Automatic annotation of coding genes

There are several steps in the annotation of coding genes onto repeat-masked genomes. These steps are summarised in the following diagram and described in detail below:

Genebuild flowchart

  • The first stage of the Ensembl annotation process is known as the Targeted stage. Here, species-specific proteins are aligned to the genome and Genewise and/or Exonerate is used to build a transcript structure for the protein on the genome.

  • The Targeted stage is followed by the Similarity stage in which proteins from closely related species are used to build transcript structure in regions were a Targeted transcript structure is absent. For those species having a lot of experimentally-generated protein sequences, the Targeted stage tends to contribute most of the gene structures in the Ensembl annotation process. However, for species with fewer species-specific protein sequences the Similarity stage plays a much more important role in predicting gene structures.

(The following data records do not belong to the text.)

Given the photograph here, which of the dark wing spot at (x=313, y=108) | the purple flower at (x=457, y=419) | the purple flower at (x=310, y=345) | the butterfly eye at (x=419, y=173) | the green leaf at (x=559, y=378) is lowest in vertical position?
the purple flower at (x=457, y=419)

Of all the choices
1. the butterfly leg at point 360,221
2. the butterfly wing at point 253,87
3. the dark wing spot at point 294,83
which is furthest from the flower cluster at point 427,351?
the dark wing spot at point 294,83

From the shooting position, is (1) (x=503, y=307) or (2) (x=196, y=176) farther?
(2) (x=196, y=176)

  • The next stage in the Ensembl annotation process is to align species-specific cDNA and EST sequences to the genome. Where cDNA alignments overlap transcripts predicted in the preceding stages, any non-translated region from the cDNA is spliced onto the transcript prediction as UTR. EST alignments are displayed on our website but are usually not used as supporting evidence in the Ensembl annotation process.

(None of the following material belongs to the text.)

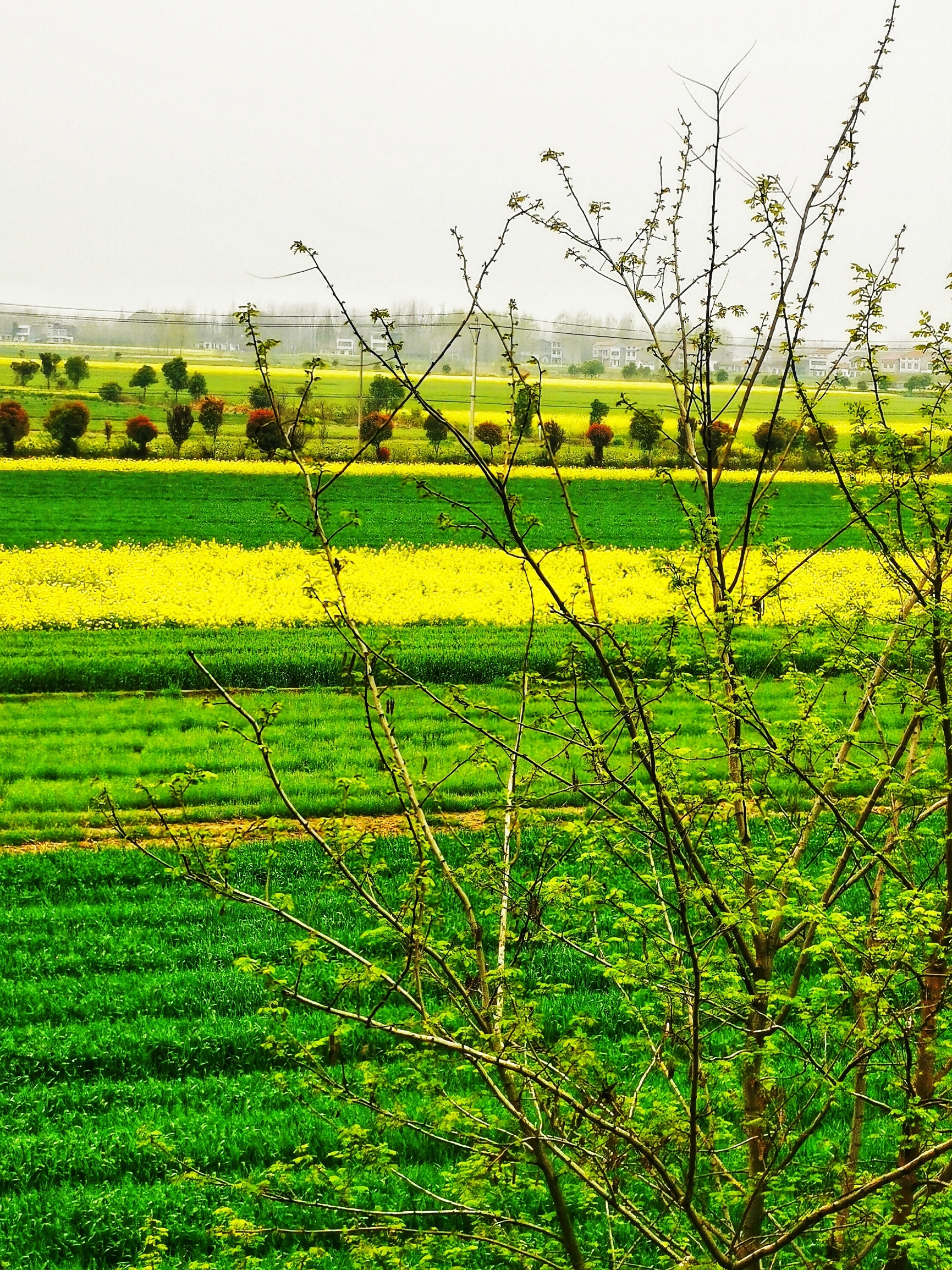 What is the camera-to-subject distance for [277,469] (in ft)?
129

  • Where available, we also align RNA-seq reads to the genome and build RNA-seq-based transcript models from these data. These models may also be used to add new genes or transcript isoforms into the gene set, and to add UTR to protein-coding models.

  • The final set of transcript predictions is obtained by merging identical transcripts built from different proteins sequences to produce multi-transcript gene predictions, each with a non-redundant set of transcripts models. For every transcript model, the protein and mRNA sequences used to predict the model is viewable in the browser as 'supporting evidence'.

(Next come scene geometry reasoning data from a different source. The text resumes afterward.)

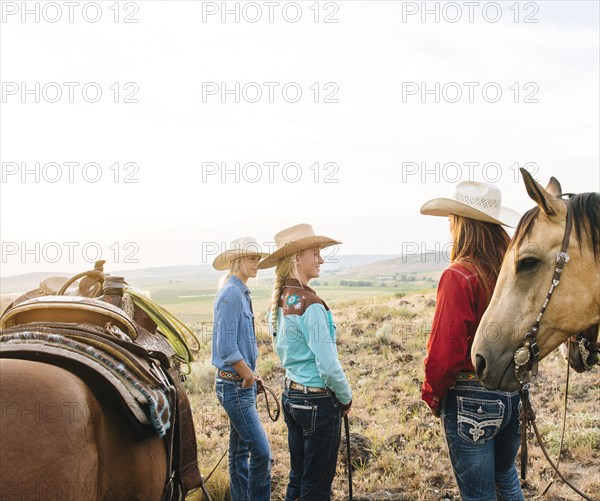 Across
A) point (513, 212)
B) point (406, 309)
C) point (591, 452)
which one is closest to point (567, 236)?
point (513, 212)

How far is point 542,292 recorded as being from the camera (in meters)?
2.63

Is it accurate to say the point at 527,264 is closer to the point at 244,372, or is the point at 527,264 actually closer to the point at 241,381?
the point at 244,372

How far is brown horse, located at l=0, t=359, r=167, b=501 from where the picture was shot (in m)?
1.86

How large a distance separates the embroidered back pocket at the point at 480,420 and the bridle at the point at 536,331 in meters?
0.19

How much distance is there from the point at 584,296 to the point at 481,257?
0.54 meters

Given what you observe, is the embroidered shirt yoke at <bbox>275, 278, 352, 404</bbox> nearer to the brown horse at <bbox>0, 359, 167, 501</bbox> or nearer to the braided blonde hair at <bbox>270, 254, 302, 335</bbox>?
the braided blonde hair at <bbox>270, 254, 302, 335</bbox>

  • Where transcripts have identical exons, these are combined to form a gene.

Pseudogenes

Transcripts are scanned for pseudogene behaviour or false coding sequence. A transcript is considered a pseudogene if 1 of these 4 criteria are met:

  1. It is a single exon transcript and it matches a multi-exon transcript elsewhere in the genome.
  2. The transcript is completely masked out by repeat masker.
  3. The transcript contains no introns and multiple frameshifts.
  4. The transcript contains frameshifts and all of the introns are >80% covered by repeats.